J’ai reçu, ce matin, la visite de M. de Buffon. J’irai un de ces soirs passer quelques heures avec lui. J’aime les hommes qui ont une grande confiance en leurs talents. Il est directeur de l’Académie française, et, en cette qualité, chargé de trois ou quatre discours de réception ; c’est une cruelle corvée. Que dire d’un M. de Limoges[1] ? Que dire d’un M. Watelet[2] ? Que dire des morts et des vivants ? Cependant il n’est pas permis de les offenser par le mépris ; il faudra donc qu’il les loue, et il disait : « Eh bien ! je les louerai, je les louerai bien, et l’on m’applaudira. Est-ce que l’homme éloquent trouve quelque sujet stérile ? Est-ce qu’il y a quelque chose dont il ne sache pas parler ? » C’est bien par désintéressement que je loue cette confiance : car je ne l’ai point. Tout m’effraie au premier coup d’œil, et il faut que je sois de cent coudées au-dessus d’une besogne, quand je ne la trouve pas de cent pieds au-dessus de moi.

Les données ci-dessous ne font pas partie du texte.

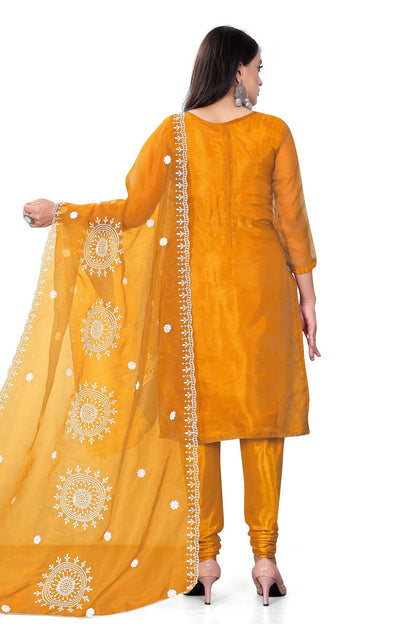 Mustard Colour Unstitched Organza Churidar Suit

Adieu, ma tendre amie, quand est-ce que je vous embrasserai vraiment ? Sera-ce demain, après, ou après ? Cela me fera bien autant de plaisir qu’à vous : car votre absence a bien été

  1. M. de Coetlosquet, ancien évêque de Limoges, dont l’élection était assurée, eut la délicatesse de se retirer pour faire place à La Condamine, qui fut en effet élu en remplacement de Vauréal. Buffon reçut La Condamine le 21 janvier 1761. Sa courte réponse est fort remarquable. M. de Coetlosquet fut bientôt récompensé de son bon procédé. Il fut élu à la place de l’abbé Sallier ; mais comme il ne fut reçu que le 9 avril 1761, Buffon, ayant alors quitté ses fonctions de directeur, ne prononça pas la réponse qu’il avait préparée lors de la première candidature de M. de Coetlosquet et qu’un peu plus tard il eût trouvé l’occasion d’utiliser. On peut la lire dans ses Œuvres. (T.)
  2. Watelet, élu à la place de Mirabaud, fut en effet reçu par Buffon, le 19 janvier 1761. La réponse de ce dernier se trouve également dans ses Œuvres. [T.)